Language, Chance, and Science

Language, Chance, and Science
AP Photo/Ashwini Bhatia

John H. McWhorter is a linguist at Columbia University, and a fascinating and sometimes controversial figure. For instance, although he describes himself as “a cranky liberal Democrat,” he also wrote a book, Losing the Race, which claims that African American culture is partly to blame for the relatively poor performance of African Americans in school and work life. That book made him popular with conservatives, and led the Manhattan Institute to name him a contributing editor to its publication City Journal. On the other hand, he is a vigorous defender of “Black English” as a perfectly valid form of English, just as grammatical as “standard” American English. (That is a position that traditionalist conservatives ought to embrace, first of all because it is correct, and secondly because it recognizes the priority of concrete ways of life over abstract rules. But alas, too many conservatives have mistaken the position of nineteenth-century grammar rationalists as being conservative.)

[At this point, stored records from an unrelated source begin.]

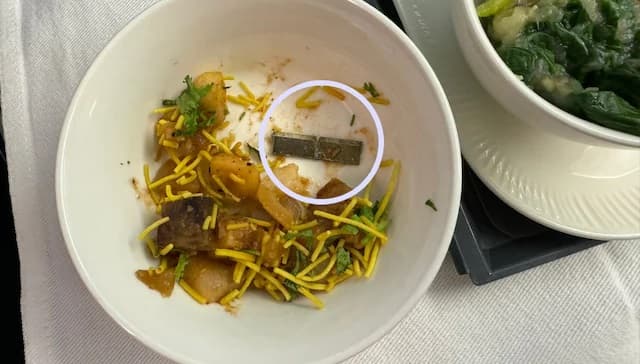 "Hiding in roasted sweet potato...": Air India passenger finds metal blade in meal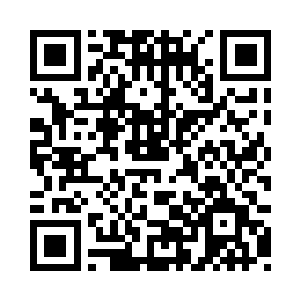 可以算是洪大力少爷的……私人宠物二维码生成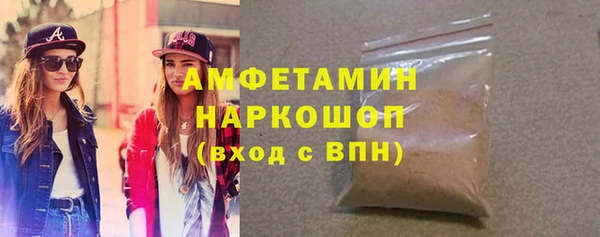мдпв Бородино
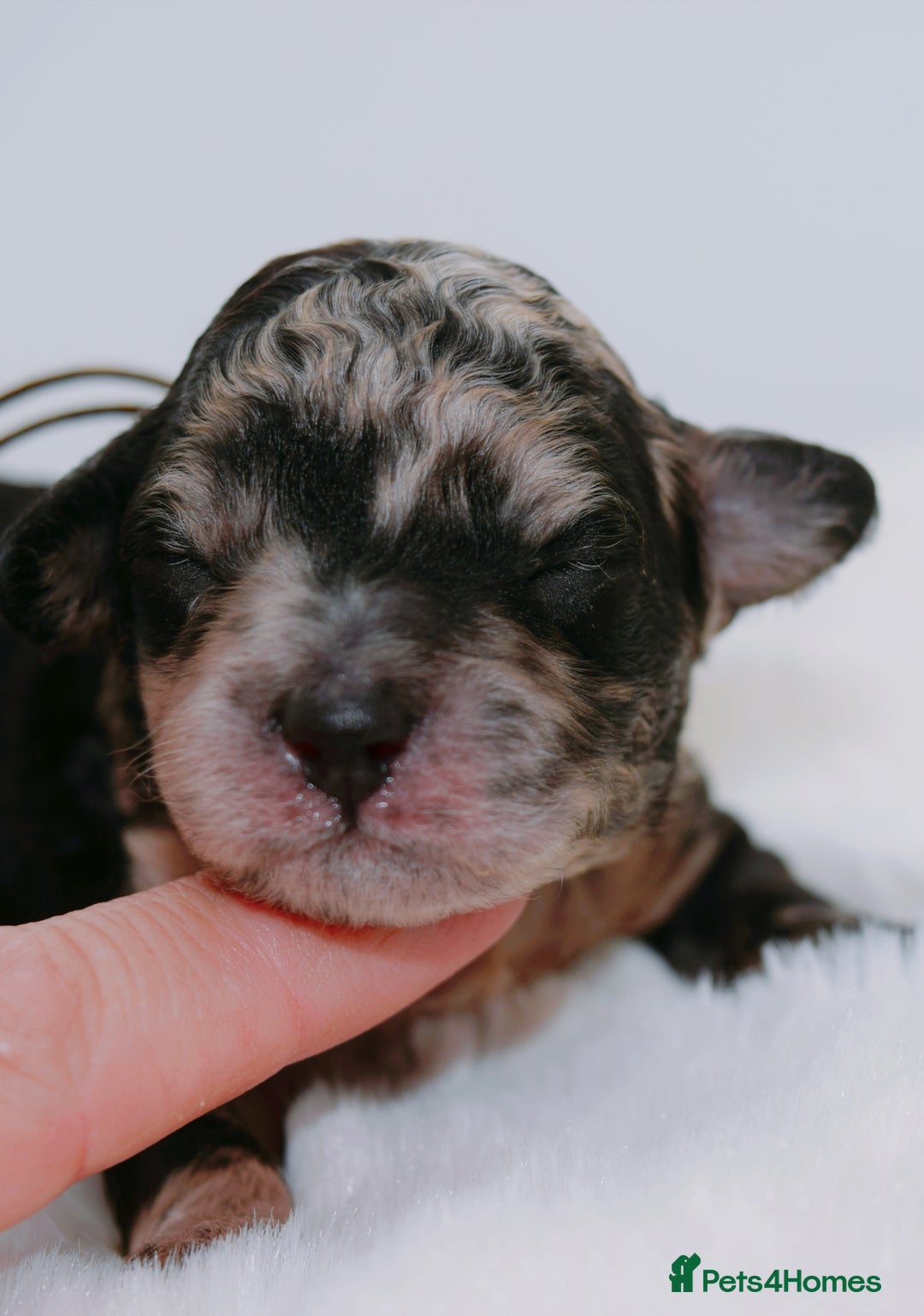 Cavapoo dogs for sale: Extensively health tested F1b curly Cavapoos  - Image 24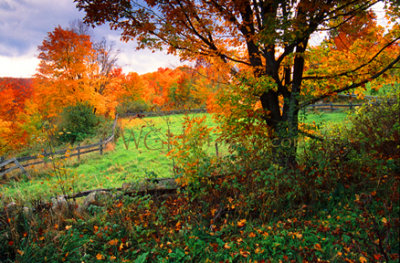 Black Hills Ranch Vermont Copyrighted.jpg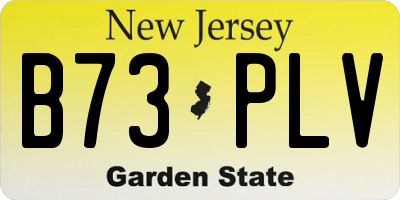 NJ license plate B73PLV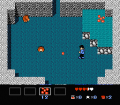 Zoda's Revenge : StarTropics II №0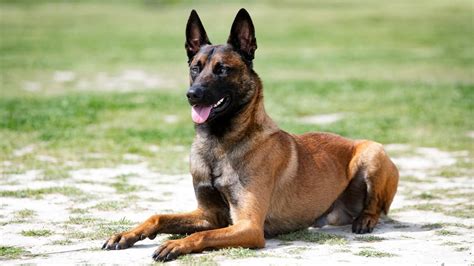 Son Belgas Malinois Protectores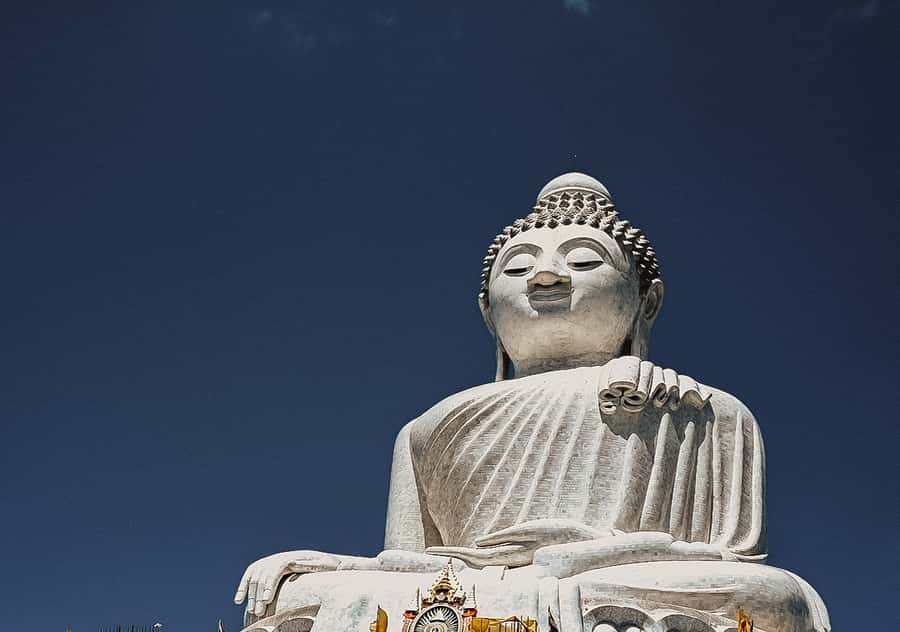 Temple and Jungle Trekking tour with Lunch at Farm-to-Table - A jungle route with a purpose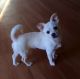 Chihuahua Puppies for sale in North Andover, MA 01845, USA. price: $700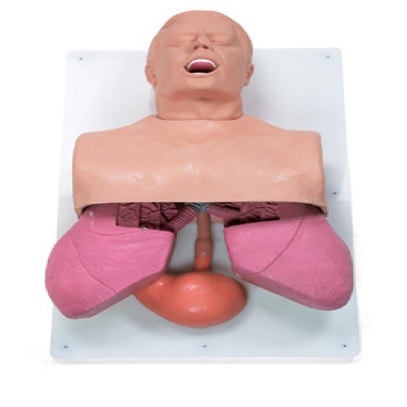 ADULT AIRWAY MANAGENENT TRAINER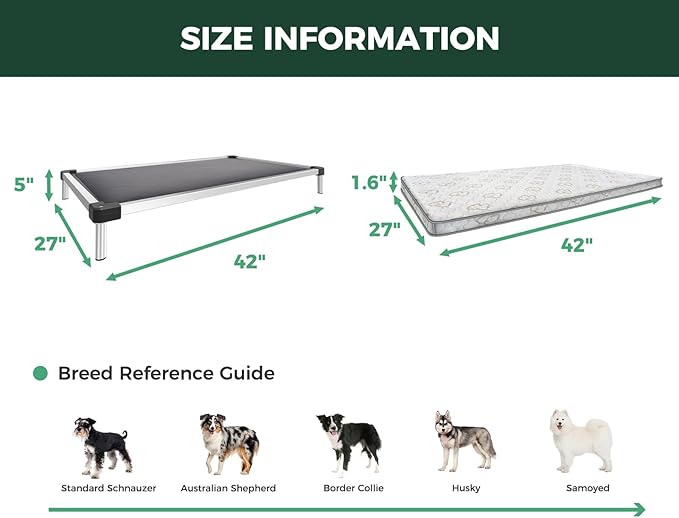 FXW TitanNest Chew-Proof Elevated Dog Bed, Raised Cot for Indoor/Outdoor/Camping Use, Durable & Washable Padded Pet Bed with Exclusive Cover for Medium Dogs, 42.0" L x 27.0" W x 5.0" H, Gray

In addition to these positions that have brought him into the public eye, McWhorter is a serious linguist, specializing in language change and Creole languages, and conversant in Spanish, French, German, Italian, Portuguese, Russian, Dutch, Swedish, and Hebrew. In The Language Hoax, McWhorter takes on an important and contentious view that has been kicking around linguistics and the social sciences since at least the eighteenth century, a theory which has sometimes been called the “Sapir-Whorf hypothesis” (itself a controversial term). The theory is popular enough that it played a central role in the major motion picture Arrival, where it was explicitly mentioned by name. The essence of the theory is that the worldview of we humans is … well, here things get murky: determined by? strongly influenced by? somewhat influenced by? … the language we speak.